Finally, what does it mean for this heurisitic to be optimized? Within a consumer market, agent optimization means maximization of market share and consumption. Within a MoI, it seems that optimization maximizes much the same - the ideas that spread the most, and sit most deeply within people's minds, are the ideas which will dominate. What does it mean for this market that it will optimise for the transmissibility of an idea, and not the correctness of it? We would do well to remember that the convincingness of an idea does not necessarily corellate with its correctness. The universe is under no obligation to convince you, whereas your mind tries very hard to do so constantly.

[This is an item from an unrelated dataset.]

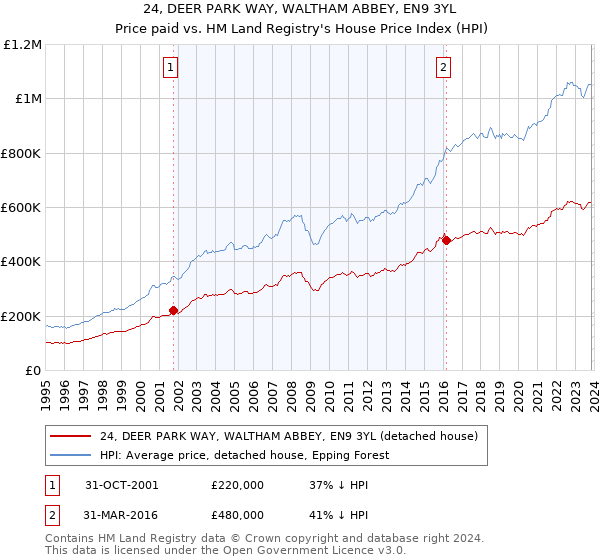 24, DEER PARK WAY, WALTHAM ABBEY, EN9 3YL: Price paid vs HM Land Registry's House Price Index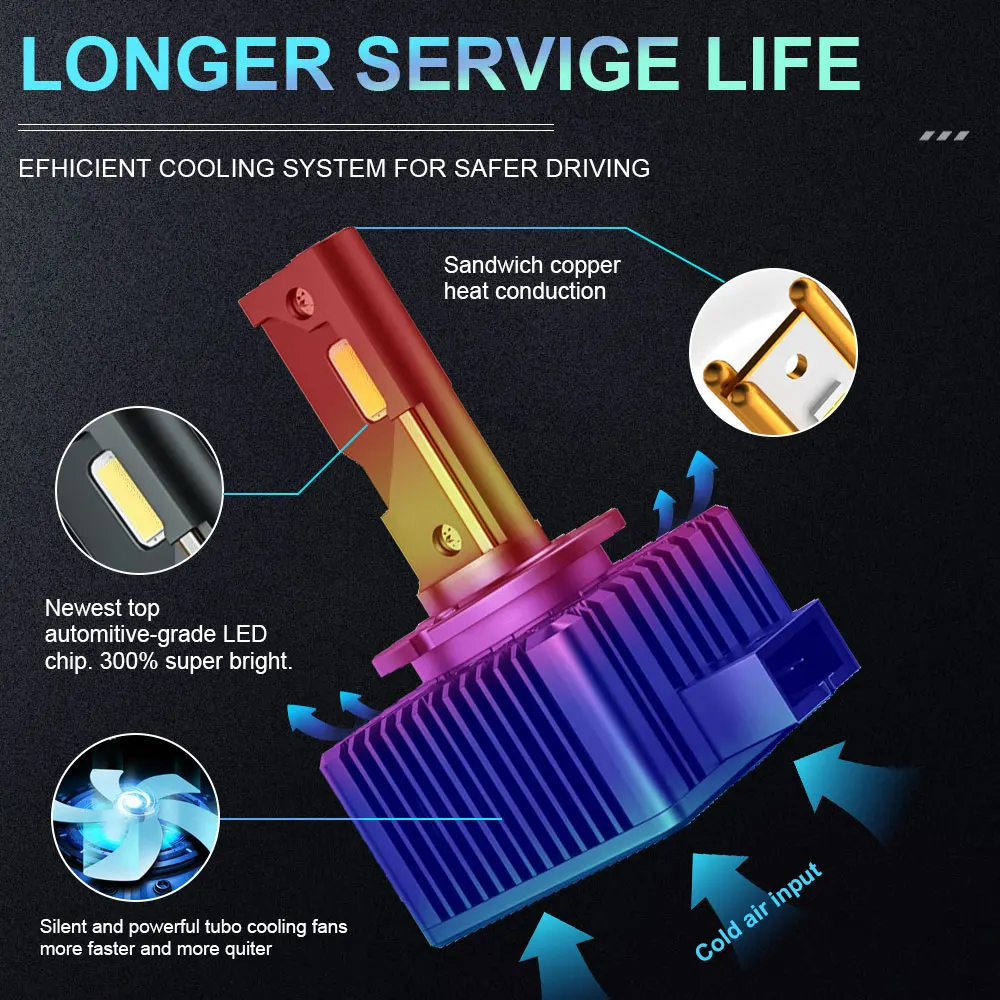 D1S D3S LED CANBUS ไฟหน้าหลอดไฟ Xenon D2S D4S D8S D1R D2R D3R Turbo 1200000LM Auto Light Super Bright CSP Chip 6000K Car Lamp ราคา ถูกที่สุด ดีลบีเคเค แกลเลอรีภาพที่ 6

You might protest: surely, a market is a democratic mechanism? A market of ideas, merely the democratic process in action as arguers and arguees engage in an ongoing act of ideological natural selection? But I think about how people do not engage directly with any market. They do so through some proxy of power. People engage with economic markets through the power-proxies of wealth and capital. People engage with memetic markets through the power-proxies of media influence, cultural and social context, state propaganda, and (ever so rarely) considered discussion. A laissez-faire MoI allocates influence in proportion to this power, not in proportion to how "good" your ideas are within some arbitrary structure.

The issue is not memetic markets in general, but a completely laissez-faire ideological market that does not correct for a set of values. That MoI will prioritize the transmissibility of an idea over its utility. We might play around with the structure of the market to try and adjust these incentives towards ones we believe in - for instance, elevating ideas which seek to maximize agency and minimize suffering - but we should understand the arbitrary nature of this configuration. A MoI will not naturally produce these ideas, and must be shaped - as all markets must - by the irrationality of ethics. MoIs must be fine-tuned to generate ideas that you believe to be ethical. We can do so much around markets of ideas, markets of predictions, markets of visions for the future - but they cannot determine some consensus around foundational ethical values, and we can't pretend like they can. Doing so merely obfuscates that arbitrary landscape. A MoI that is configured in a way you disagree with will select highly optimal solutions that you may find deeply problematic or evil. The consequences of a highly sophisticated yet completely untuned MoI is one of very transmissibile and optimal - yet ethically bad - ideas rising to the top.